The answer must be an exact reprint of the lines from the one with "Aufkleber empty wooden" through the final line of the data, with no pictures included.

* _Records from a data source_
:::

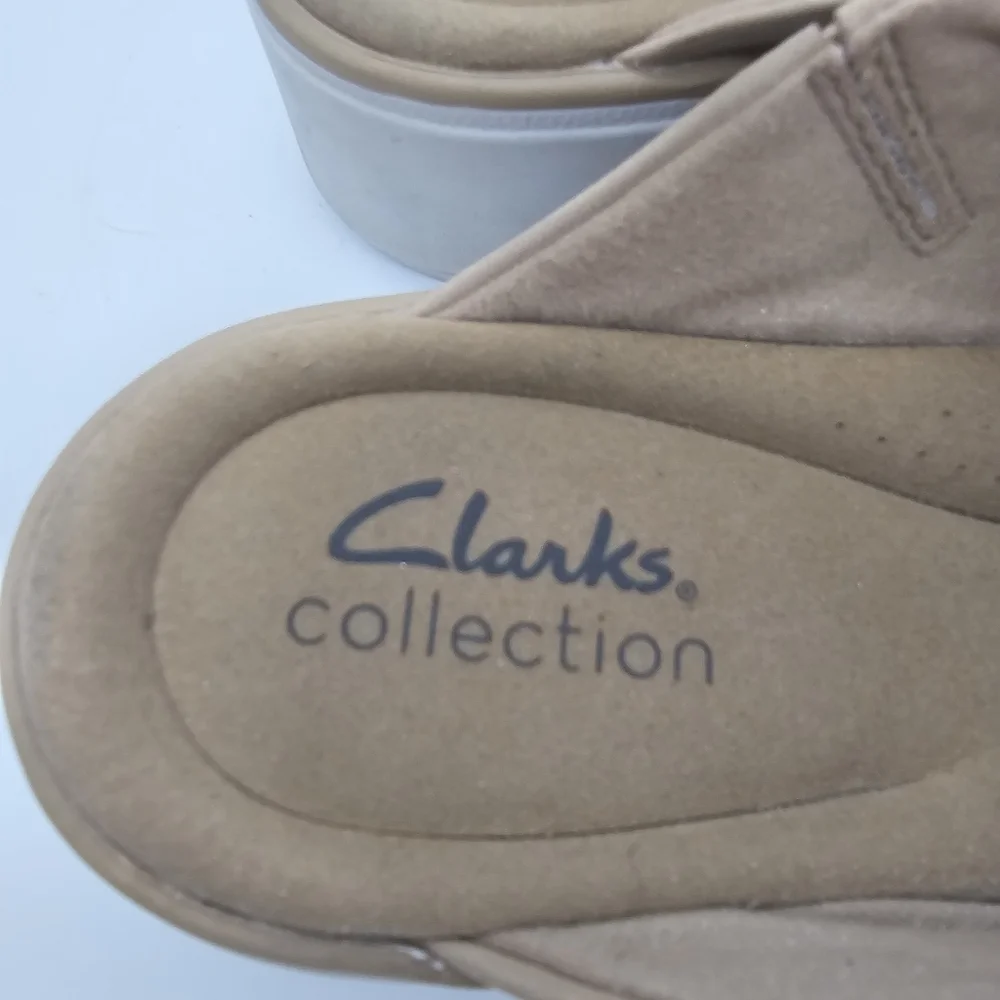 Clarks Jillian Gem Wedge Sandals Beige Leather Size 8 US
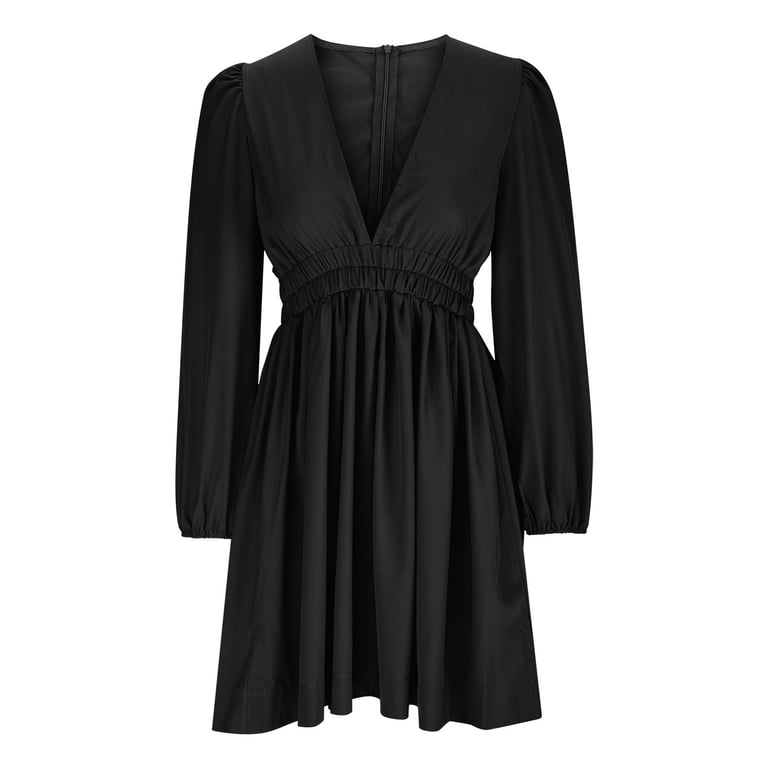 black babydoll midi dress Olyvenn Womens Plus Size Bubble Babydoll Midi Dress Fashion Stylish Solid House Dress Trendy Deep V Neck Cropped Elastic Waist Loose Casual Smocked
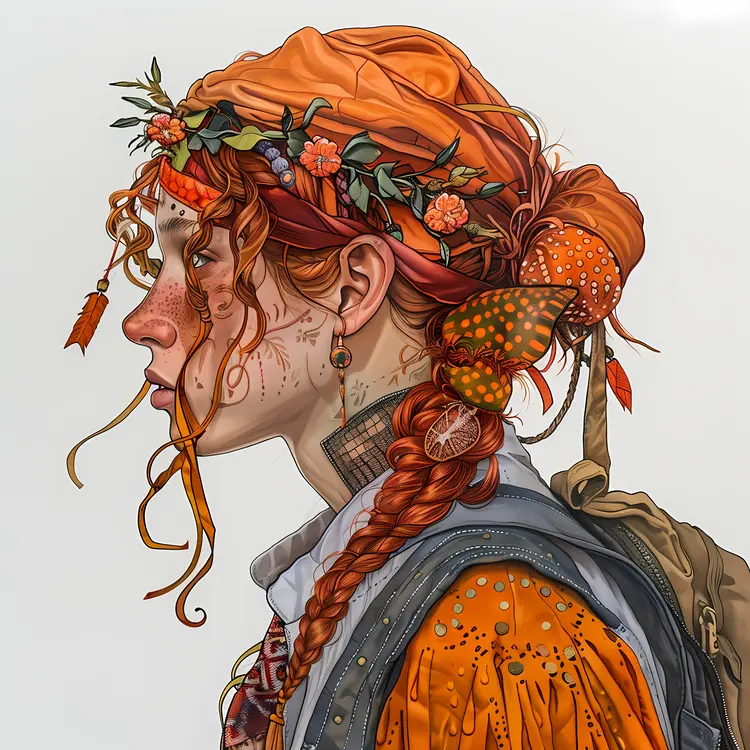 Woman with Floral Elements
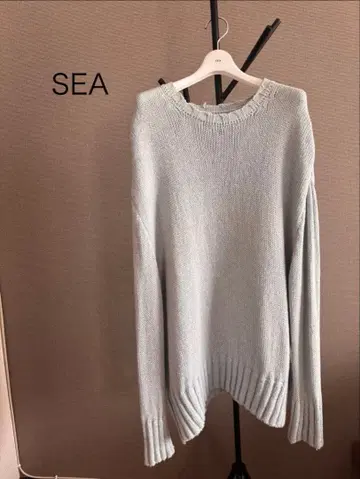 SEA sea rie 캐시미어 코튼 빈티지 가공 스웨터 스카이블루
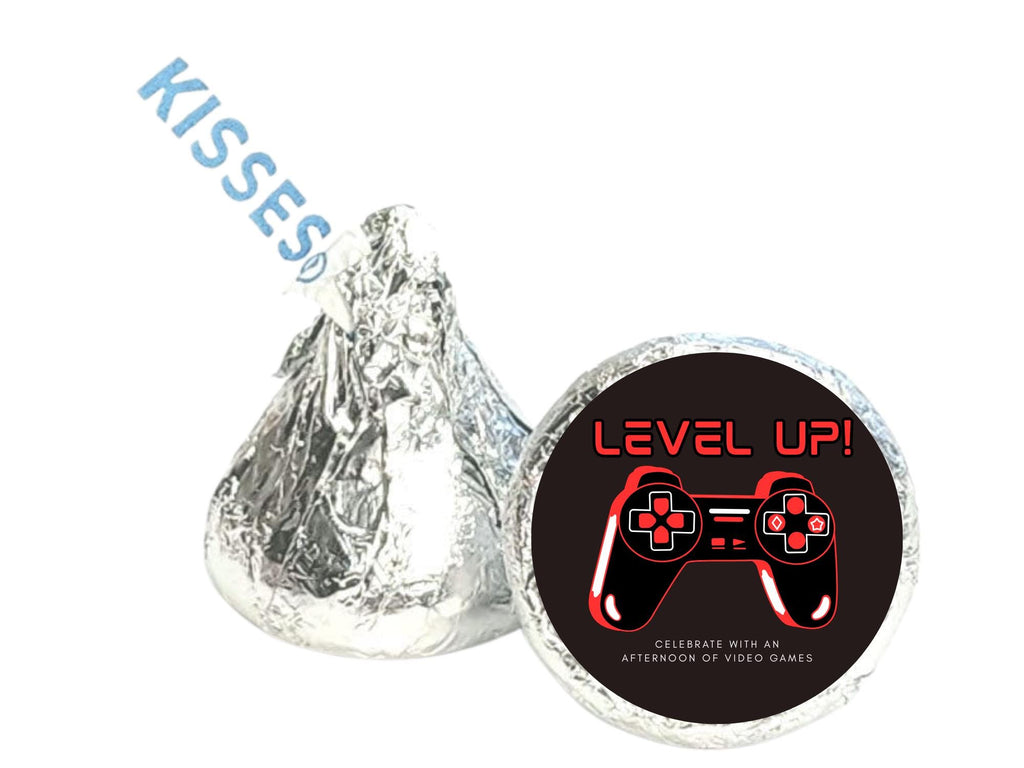 Game Controller Candy Kiss Stickers | Black Red Gaming Theme | 100 Pack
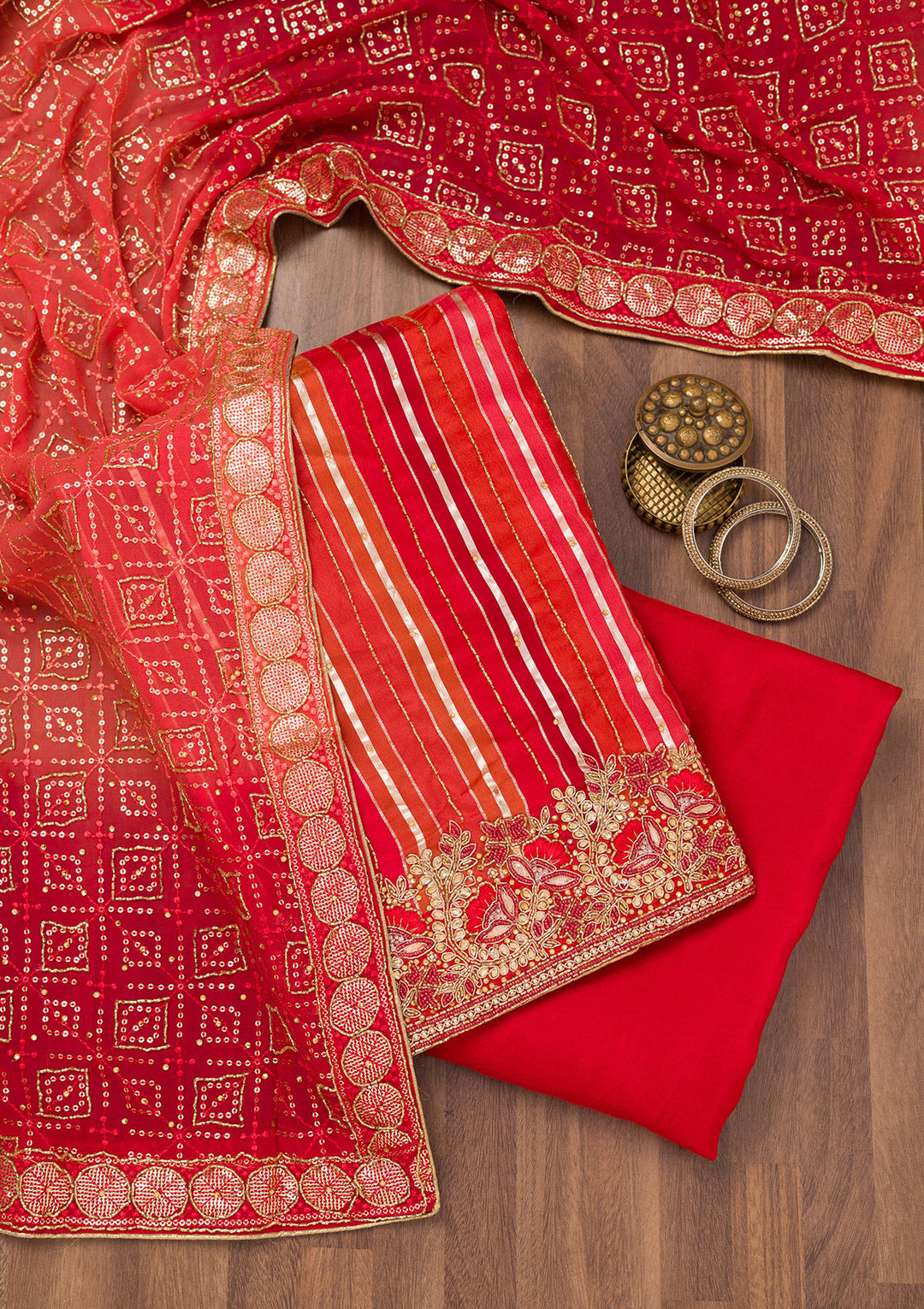 Red Zariwork Semi Crepe Unstitched Salwar Suit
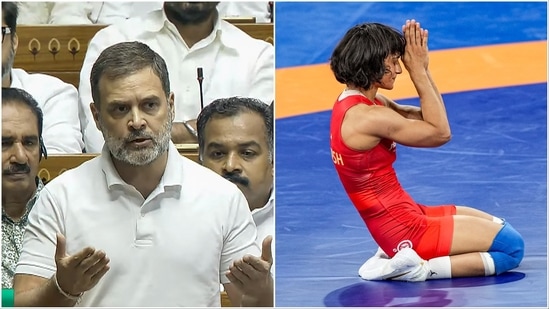 Congress MP and Leader of Opposition in Lok Sabha Rahul Gandhi reacted to the disqualification of Vinesh Phogat from Paris Olympics.(PTI)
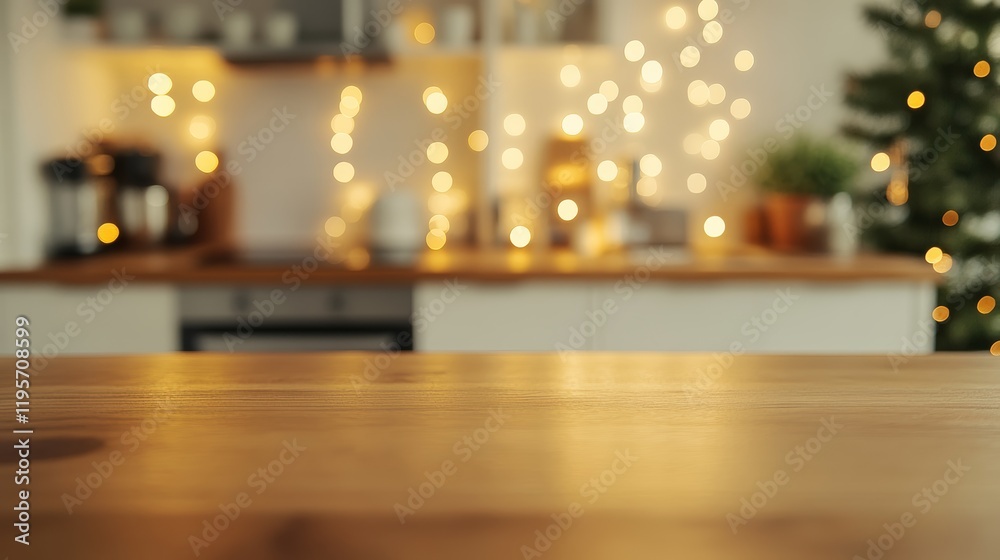 Aufkleber empty wooden table top with blurred christmas kitchen with warm lights bokeh background presenting f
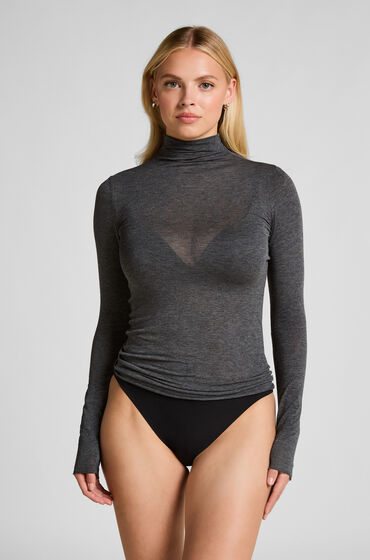 Hunkemöller Himmlisch weiches Shirt aus Kaschmir-Mix mit Rollkragen Grau von Hunkemöller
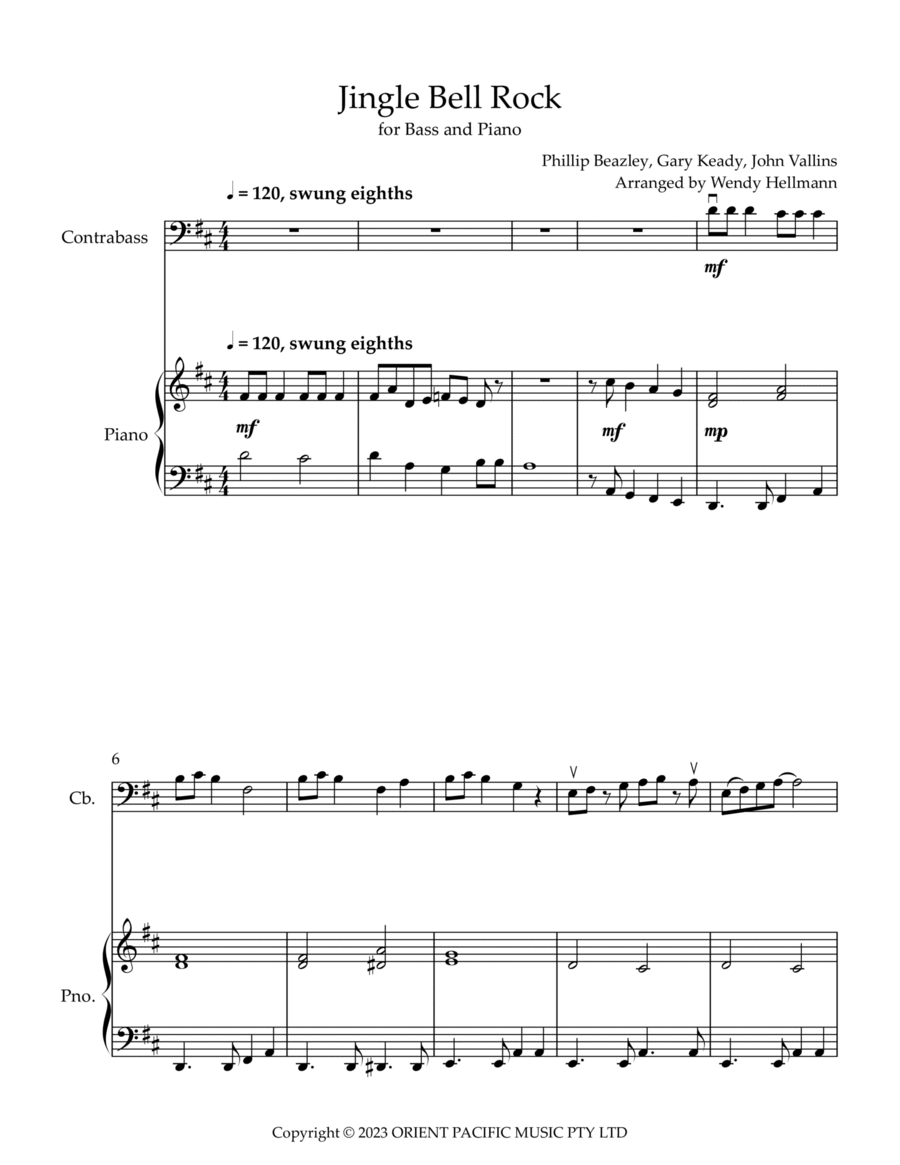Jingle Bell Rock Double Bass scores gallery preview page 1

:::

* _Answer box_
 Aufkleber empty wooden table top with blurred christmas kitchen with warm lights bokeh background presenting f
 Hunkemöller Himmlisch weiches Shirt aus Kaschmir-Mix mit Rollkragen Grau von Hunkemöller
Jingle Bell Rock Double Bass scores gallery preview page 1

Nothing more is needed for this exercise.